The man in question in that clip is the late actor Jack Warner. He played the title role of Sgt George Dixon in the BBC’s police drama Dixon of Dock Green between 1955-1976. Warner portrayed the role of the amiable rozzer, until five years before his death aged 85, in 1981.

As you will see from the clip above there is a timer at the bottom of the screen. This wasn’t for an editor’s use. It was to remind the production team when the aged policeman needed to change his incontinence pants.

It was rumoured they had a bloke dressed in black with a tape measure on hand during filming. However, I suspect that was a show insider’s mischief making.

When Sgt Dixon read a villain his rights, he informed them they had a right to remain silent. However, if they did choose to converse, could they speak up a bit as his hearing wasn’t what it was.

I’m by no means mocking the age Warner worked until; I’ve nothing but admiration for the late actors career longevity. My point is him being cast as a policeman diminished the reality of the show. It’s pretty clear that the onus was obviously on casting the amiable, popular actor in the role of Sgt George Dixon, at the expense of that realism.

Dixon-of-Dock-Green

I recall watching this crime drama on a Saturday tea time in the early 1970’s. I vividly remember those cold dark winter nights in the North East of England. Evenings where we’d move the sofa and the coffee table nearer the fire, countering the chill as we ate tea and watched a septuagenarian rozzer maintain law and order in Dock Green.

While consuming our Saturday tea of melted Red Leicester cheese on toast or pikelettes, my brother Ian and I would sit engrossed in front of the monochrome TV picture. A half hour where we’d ponder who’d stolen Mrs Grimes’ cat or let down old Albert’s bike tyres.

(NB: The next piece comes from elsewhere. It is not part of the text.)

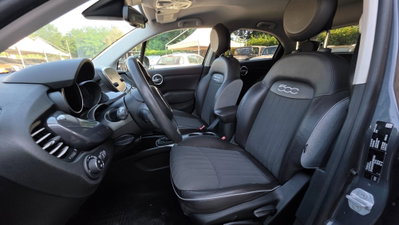 Fiat 500X 1.6 MultiJet 120 CV Lounge (11)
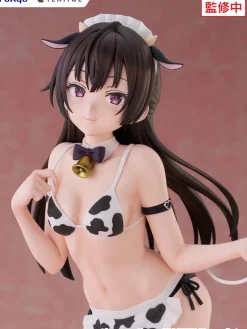 FuRyu Figure*TENITOL TALL Alya Sometimes Hides Her Feelings in Russian Yuki Suo CowCos Figure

The only movement would be if my dad went out for more coal. I never understood why he did this as we had a gas fire at the time!

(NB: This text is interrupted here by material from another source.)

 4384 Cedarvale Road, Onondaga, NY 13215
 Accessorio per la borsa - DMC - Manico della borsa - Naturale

From memory, it wasn’t the best written or most realistic cop show I’ve seen in my half century of years. However, I remember it with fondness and it takes up a small corner of happier times in my life tapestry.

The sanitised version of a coppers role portrayed in Dixon of Dock Green was soon to disappear, as in 1975 viewers were introduced to the realism and violence of the Flying Squad in the hard-hitting drama The Sweeney.

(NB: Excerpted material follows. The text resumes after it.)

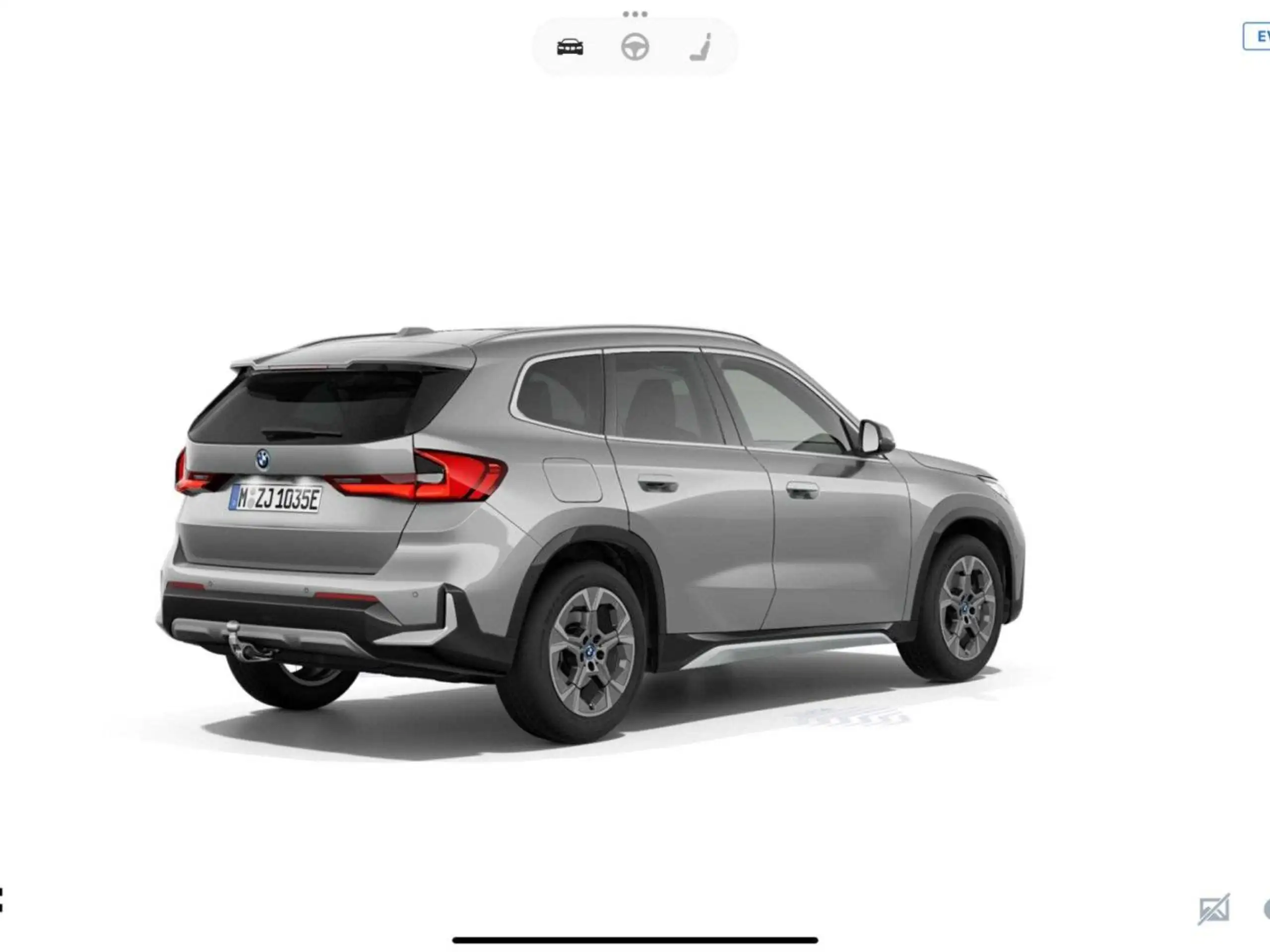 BMW - X1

The hard fisted, heavy drinking, womanising Flying Squad officer Jack Regan in The Sweeney was a million miles from the gentle, authoritative approach of Sgt George Dixon.

Viewers moved into an era where we were no longer sheltered from the more salubrious side of policing. The Flying Squad didn’t hunt down Mrs Grimes’ cat . They fought proper villians who robbed banks, committed murders and still let down old Arthur’s tyres.

Dixon’s quiet and amiable intro of an elderly copper saluting, saying “Evening All!” and calmly telling the viewers a snippet of the minor crime they were about to be involved in, was no more. With The Sweeney the intro titles, of a car chase in a Ford Granada and a fight to a loud fast moving musical score, left you in no doubt what to expect in the next hour.

At the end of each episode of Dixon of Dock Green, Sgt Dixon summarised what happened to the villain, bode us a friendly farewell before saluting prior to the end credits rolling.

For two young impressionable lads, all was right with the world and we knew who to turn to if someone stole our bike or kidnapped our cat………………… Incidentally, it would have been pointless the kidnappers trying to shake us down for cash for the cat, as we didn’t have one!

To close, I’ll plagiarise Dixon’s farewell to his viewing public back in those halcyon days of the 1970s ……… “Night All!”